NAACP Comes to Cape

It was appropriate to have run across these photos with Martin Luther King Day coming up.

[Editor’s note: I’ve kept with the vernacular used by The Missourian, even though the language feels strange these days.]

Kivie Kaplan, national president of the NAACP, came to speak to the local chapter and the public in the St. James AME Church Aug. 9, 1967.

The Missourian’s story the next day identified the folks in the photo above as the Rev. Ben H. Cleaver, retired minister, left, and the Rev. Wallace Ward, pastor of the St. James AME Church. Behind them are members of the church’s junior choir, Misses Ruth Watson, Janis Jefferson, Olivia Johnson and Diane Mitchell.

[Editor’s note: The Missourian’s cutline has the woman on the left identified as Ruth Watson; Ron Bedell said it should be Ruth Wilson and I’m pretty sure he’s correct. Here’s where you can see a photo of Ruth at last summer’s reunion.]
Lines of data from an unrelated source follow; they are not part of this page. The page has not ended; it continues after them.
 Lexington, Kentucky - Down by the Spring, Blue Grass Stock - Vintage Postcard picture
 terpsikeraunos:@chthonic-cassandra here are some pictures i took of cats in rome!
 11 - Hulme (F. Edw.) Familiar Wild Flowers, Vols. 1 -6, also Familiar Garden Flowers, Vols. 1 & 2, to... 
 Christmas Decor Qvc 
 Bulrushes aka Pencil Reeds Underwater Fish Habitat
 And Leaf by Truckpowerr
NAACP “does not condone violence”

Kaplan went out of his way to assure the audience of about 100 that his organization does “not condone violence,” and stresses at all times the “peaceful and legal pursuit” of its objectives. He added that the NAACP has more than 500,000 members and represents 90 per cent of the Negro population.
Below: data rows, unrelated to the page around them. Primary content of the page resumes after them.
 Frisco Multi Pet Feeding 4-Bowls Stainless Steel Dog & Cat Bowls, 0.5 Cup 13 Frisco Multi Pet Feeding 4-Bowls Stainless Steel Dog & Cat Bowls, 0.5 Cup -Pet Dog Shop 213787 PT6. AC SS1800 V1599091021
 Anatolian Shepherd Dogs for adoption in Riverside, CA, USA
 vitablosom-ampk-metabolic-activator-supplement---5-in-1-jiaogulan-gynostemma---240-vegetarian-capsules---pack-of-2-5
Police present to “direct traffic”

He said Black Power leaders and others who advocate violence as a means to acquire civil liberties represent “only a fraction of one per cent of the Negro people.”

The city fathers may not have been as sure of that. The story went on to say that “About a dozen policemen were on hand at the church to direct the flow of traffic and presumably to halt any outbreak of disorder. No disturbance was reported, however.”
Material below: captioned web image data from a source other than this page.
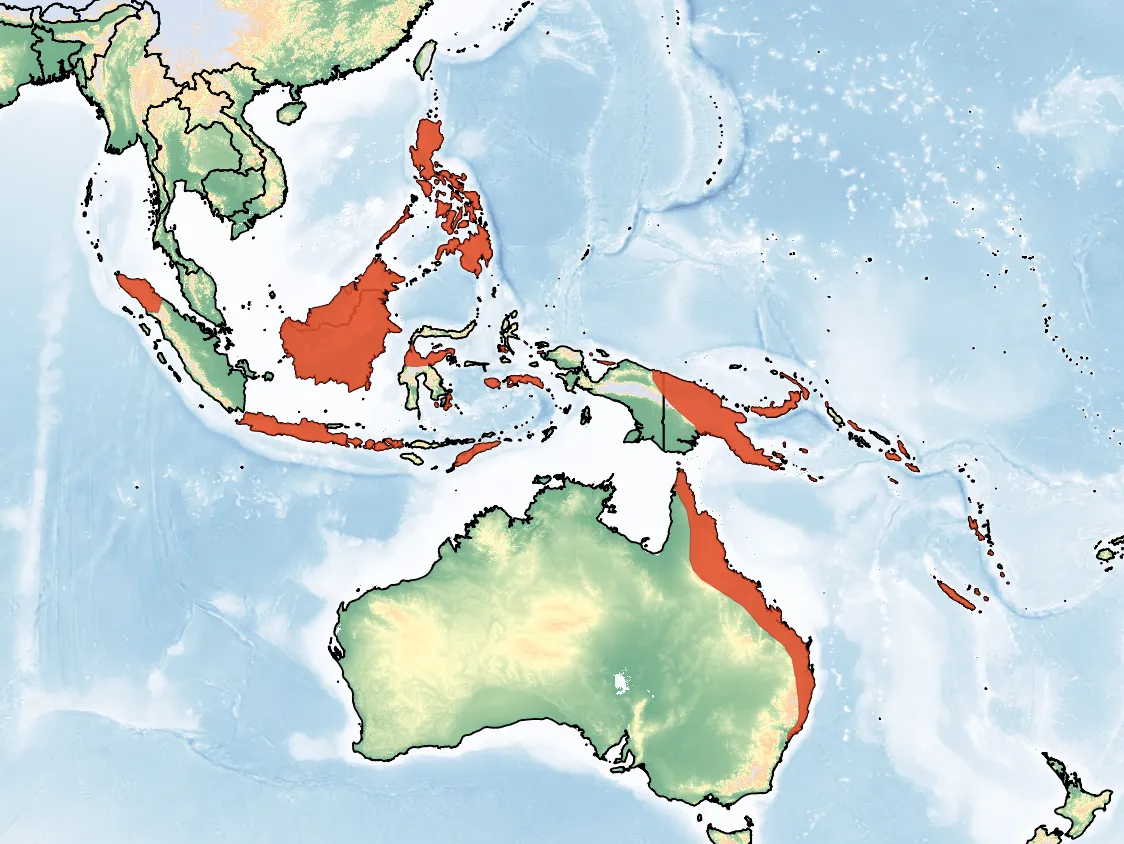 Murciélago pequeño de alas dobladas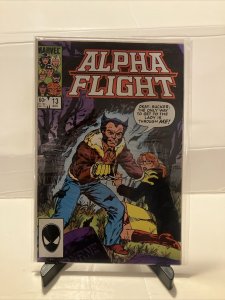 Alpha Flight #13 Aug 1984, Marvel Comics Nightmare Wolverine!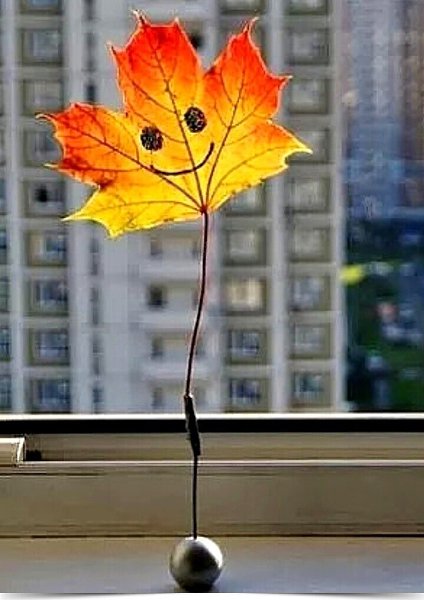 В мире, где ты можешь быть кем угодно, будь добрым... :).•¤•¤•¤•¤•¤•¤•¤•¤•¤•¤•¤•¤•¤•¤•¤•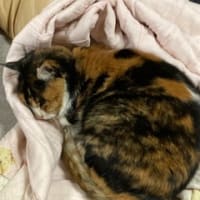 ブログの移行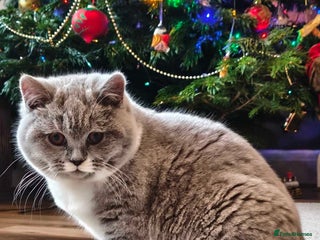 British Shorthair cats GCCF Registered British Shorthair - Advert 4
It was reported that there was applause at least two points and audible “amens” came from the crowd occasionally.

Kaplan was welcomed to the city by Mayor J. Hugh Logan, who expressed his interest in Mr. Kaplan’s address.

Kaplan implies local firms show bias

Cape school integrated early and peacefully. Classmate Gerald Love said at the reunion last summer, “There was no friction with the kids. There might have been some adults with problems, but not the kids.”  It’s worth going back to read Gerald Love’s story, though, of his introduction to racism in Cape.

Kaplan said he had been told that of the 400 persons employed by Marquette Cement Mfg. Co., only five are Negroes; out of 240 employees of Missouri Utilities, only four are Negroes. At Southwestern Bell Telephone Co., there is only one Negro out of a total of 200 employees.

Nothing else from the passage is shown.